(Beginning of Dataset excerpts)

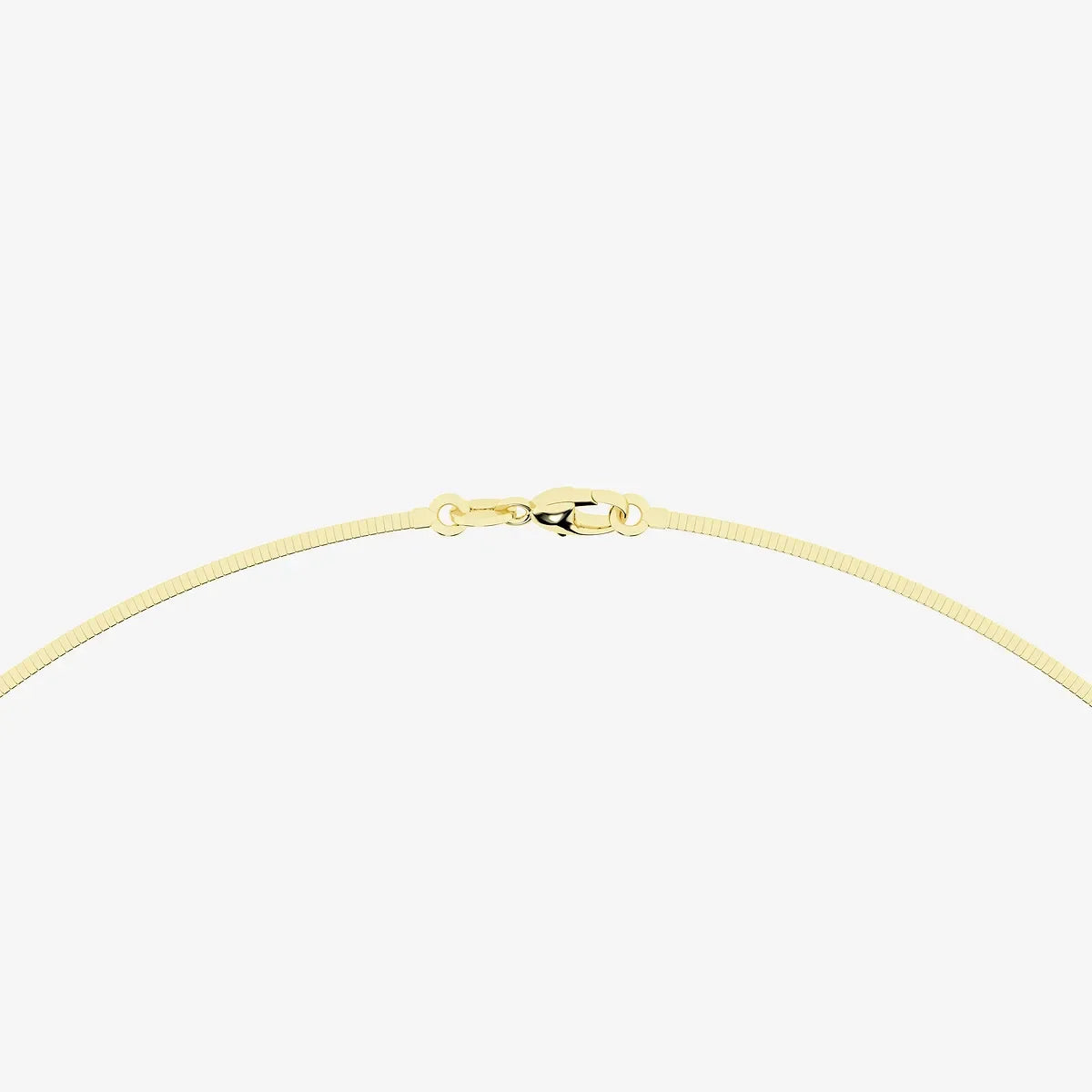 14k yellow gold marquise pendant necklace with lobster clasp on white background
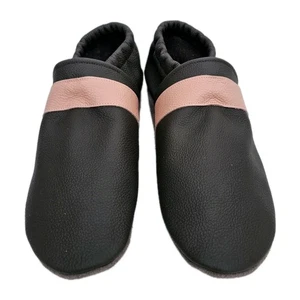 Zapatillas de cuero T. 39, rayas marrones rosa, cuero auténtico - Imagen 1 de 4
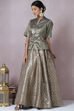 Sage Green Metallic Cotton Lehenga Set image number 6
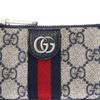 Gucci Pochette Ophidia GG Supreme in Tela con Bordi in Pelle Blu Navy Beige e Web Verde Rosso, Ferramenta GG Argentata, Portachiavi per Donna, Uso Quotidiano 671722-96IWN-4076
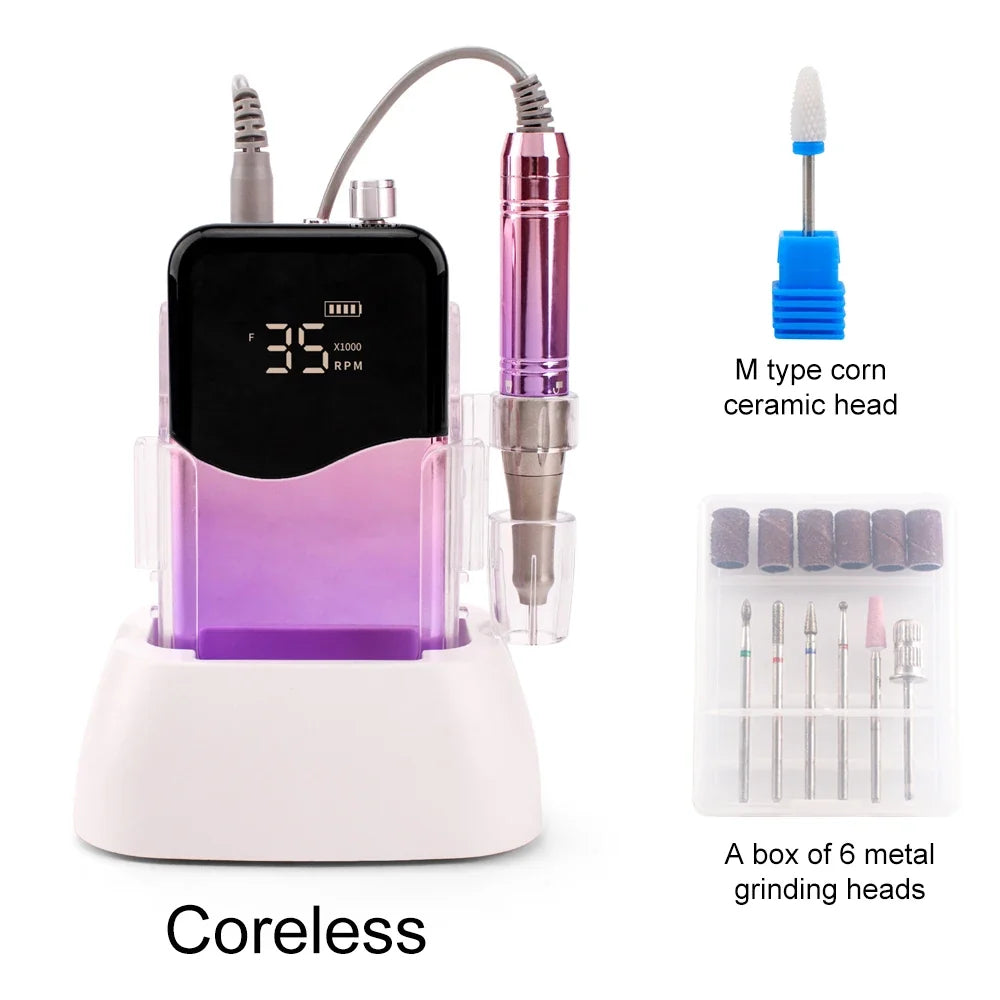 Coreless Motor Handle 35000RPM Portable Professional Nail Drill with Desktop Base 35K Cordless Battery Wireless Powerful Wave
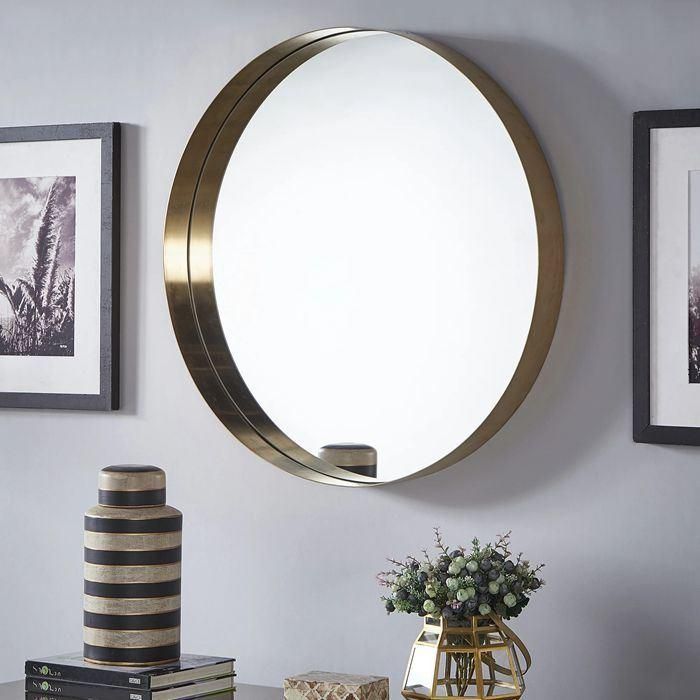 Large Bathroom 800mm Round Brass Metal Decor Mirror with PP Packing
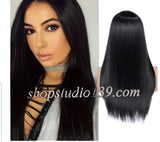 Bone Straight Black Free Part Lace Front Wig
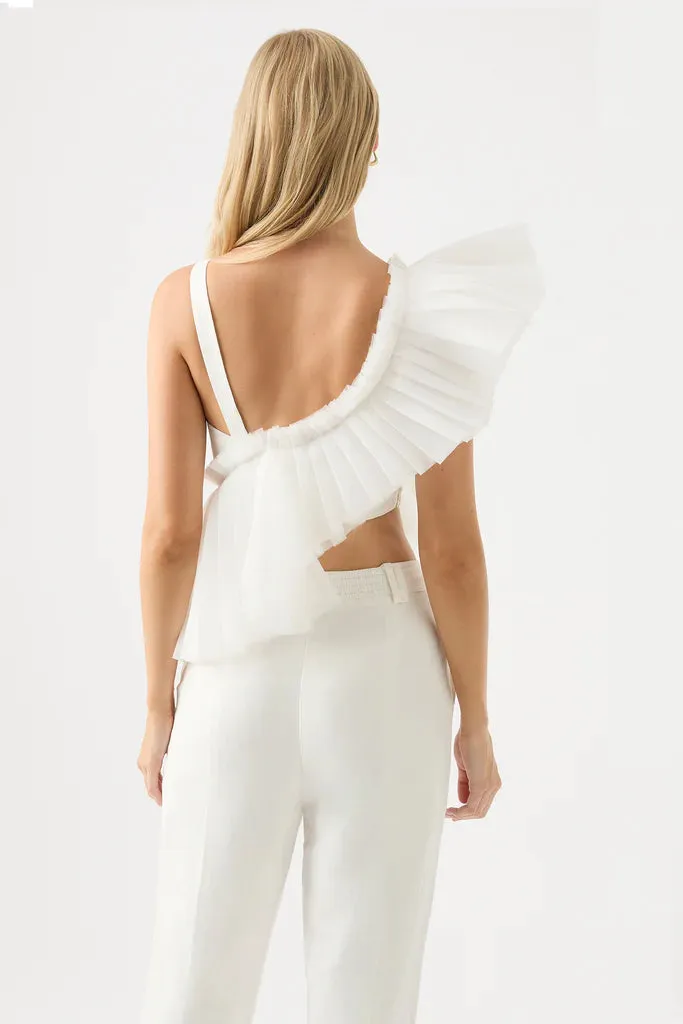 AJE Orbit Sculptural Pleated Top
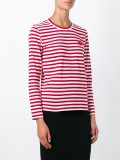 embroidered heart striped T-shirt 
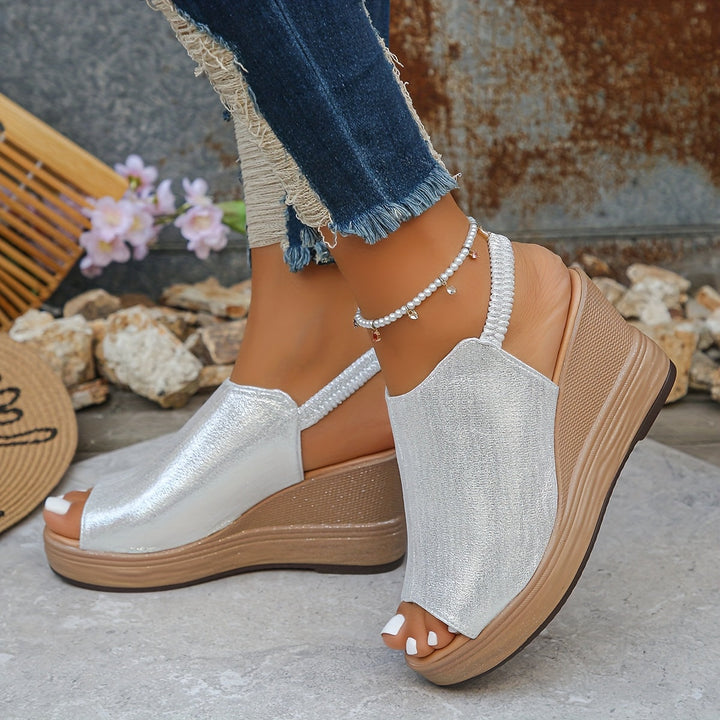 Casual women's orthopedic wedge sandals for summer. Comfortable, supportive footwear with elegant design & slip-resistant sole.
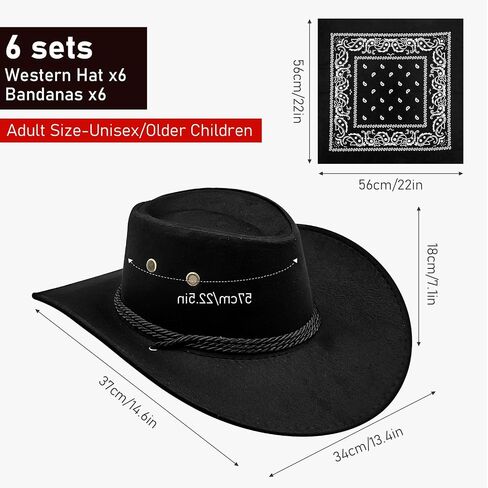 12Pcs Western Cowboy Hat and Bandana, Wide Brim Cowboy Hats Faux Suede Cowgirl Hats Bulk with Adjustable Drawstring for Men Women Costume Party(Brown+Black) in Saudi Arabia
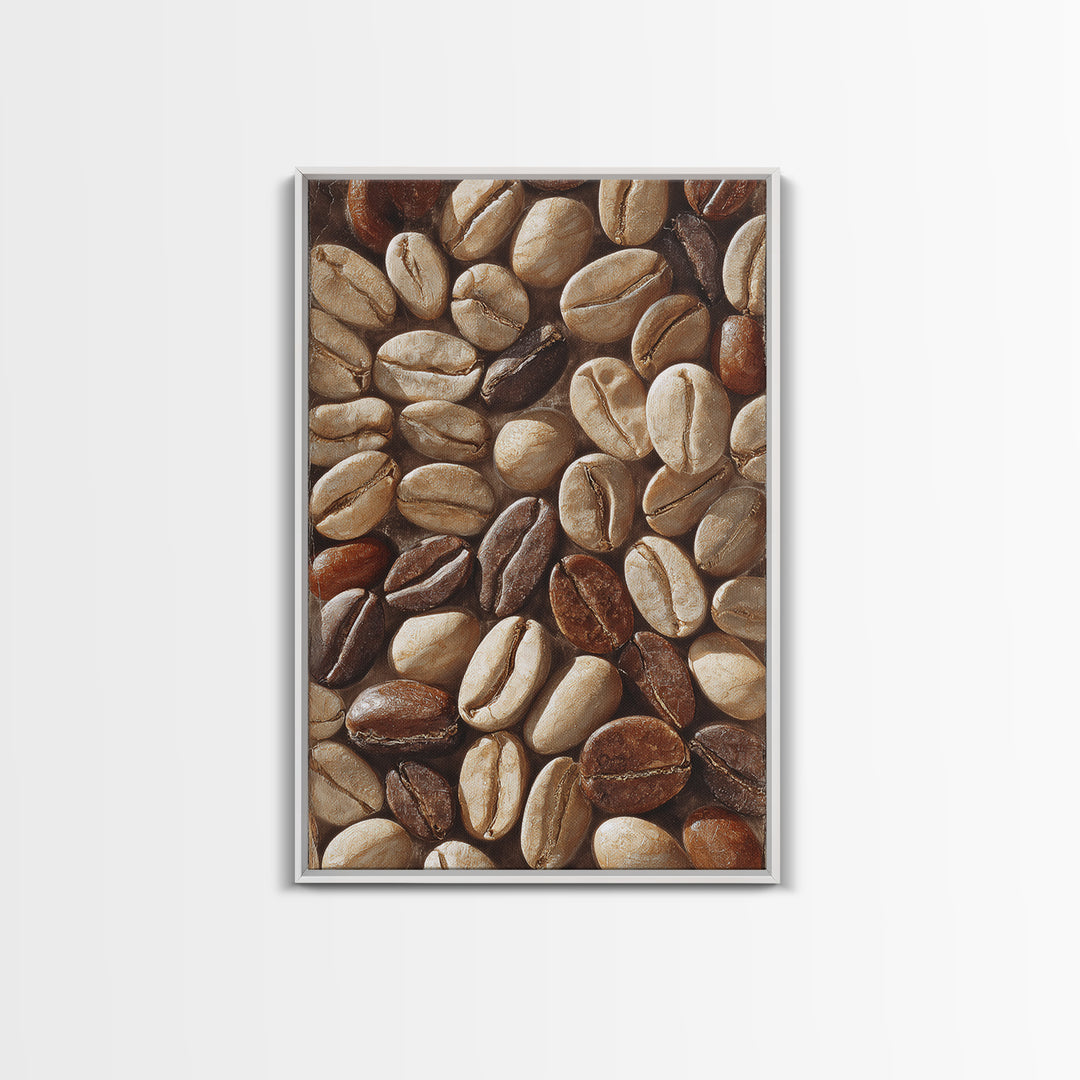 Coffee Bean Pattern Canvas Print, Coffee Shop Art, Dopamine Decor, Cafe Decor, Fine Art, Cafe, Coffee Wall Art, Gallery Decor, CSA-2x3-71
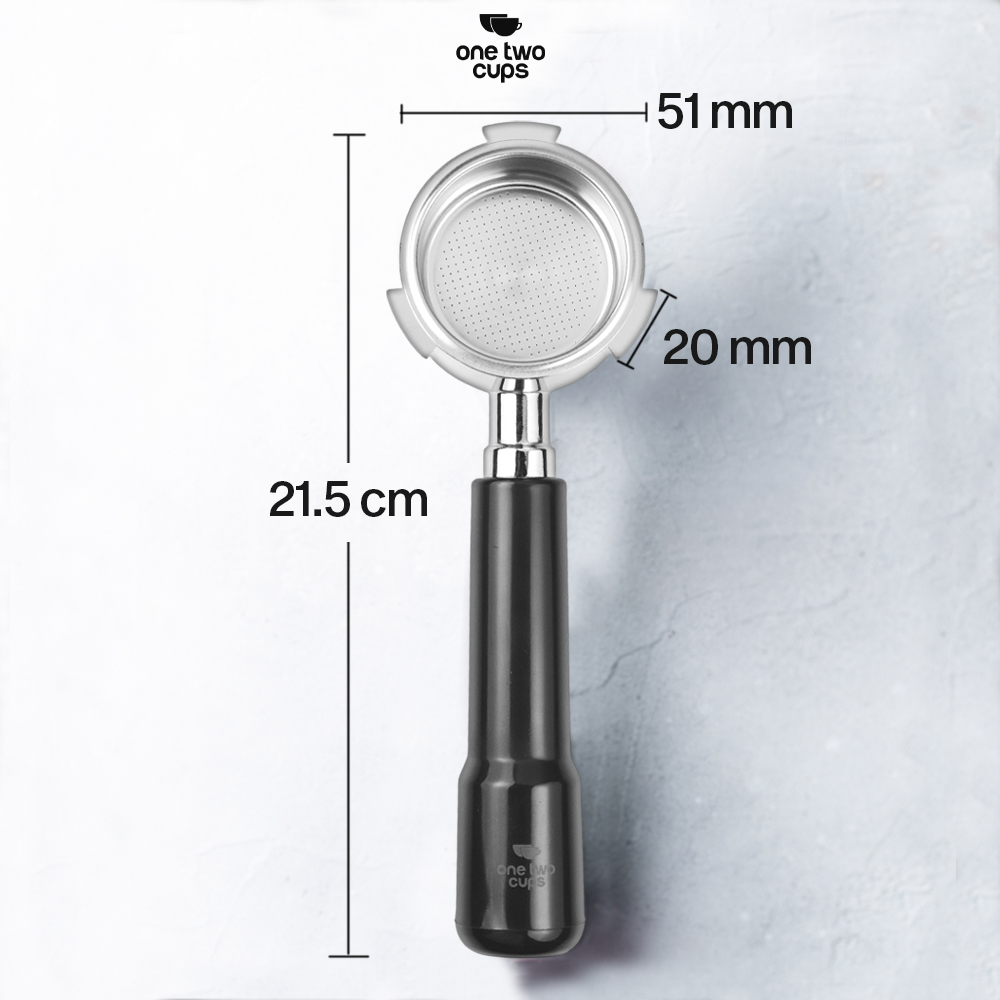 Gambar produk One Two Cups Bottomless Naked Portafilter Stainless 51mm for DeLonghi - CG-11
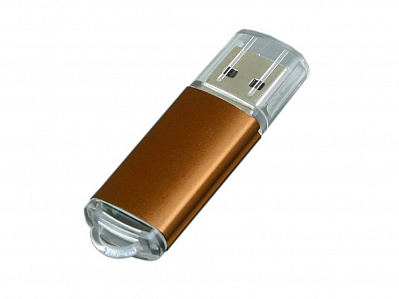 USB 2.0- флешка на 16 Гб с прозрачным колпачком (Коричневый)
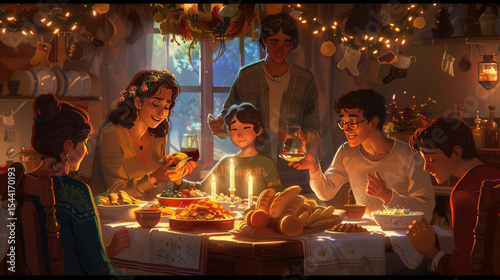 Family Gathering Around Festive Dinner Table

(End of Dataset excerpts)

*Action item*
Copy the records exactly as they appear, excluding images.

*Your response*
 14k yellow gold marquise pendant necklace with lobster clasp on white background
 Zapatillas de cuero T. 39, rayas marrones rosa, cuero auténtico - Imagen 1 de 4
 Sage Green Metallic Cotton Lehenga Set image number 6
 Gucci Pochette Ophidia GG Supreme in Tela con Bordi in Pelle Blu Navy Beige e Web Verde Rosso, Ferramenta GG Argentata, Portachiavi per Donna, Uso Quotidiano 671722-96IWN-4076
 Coreless Motor Handle 35000RPM Portable Professional Nail Drill with Desktop Base 35K Cordless Battery Wireless Powerful Wave
 Large Bathroom 800mm Round Brass Metal Decor Mirror with PP Packing
 Bone Straight Black Free Part Lace Front Wig
 AJE Orbit Sculptural Pleated Top
 embroidered heart striped T-shirt 
 Casual women's orthopedic wedge sandals for summer. Comfortable, supportive footwear with elegant design & slip-resistant sole.
 12Pcs Western Cowboy Hat and Bandana, Wide Brim Cowboy Hats Faux Suede Cowgirl Hats Bulk with Adjustable Drawstring for Men Women Costume Party(Brown+Black) in Saudi Arabia
 Coffee Bean Pattern Canvas Print, Coffee Shop Art, Dopamine Decor, Cafe Decor, Fine Art, Cafe, Coffee Wall Art, Gallery Decor, CSA-2x3-71
 Gambar produk One Two Cups Bottomless Naked Portafilter Stainless 51mm for DeLonghi - CG-11
 USB 2.0- флешка на 16 Гб с прозрачным колпачком (Коричневый)
 Family Gathering Around Festive Dinner Table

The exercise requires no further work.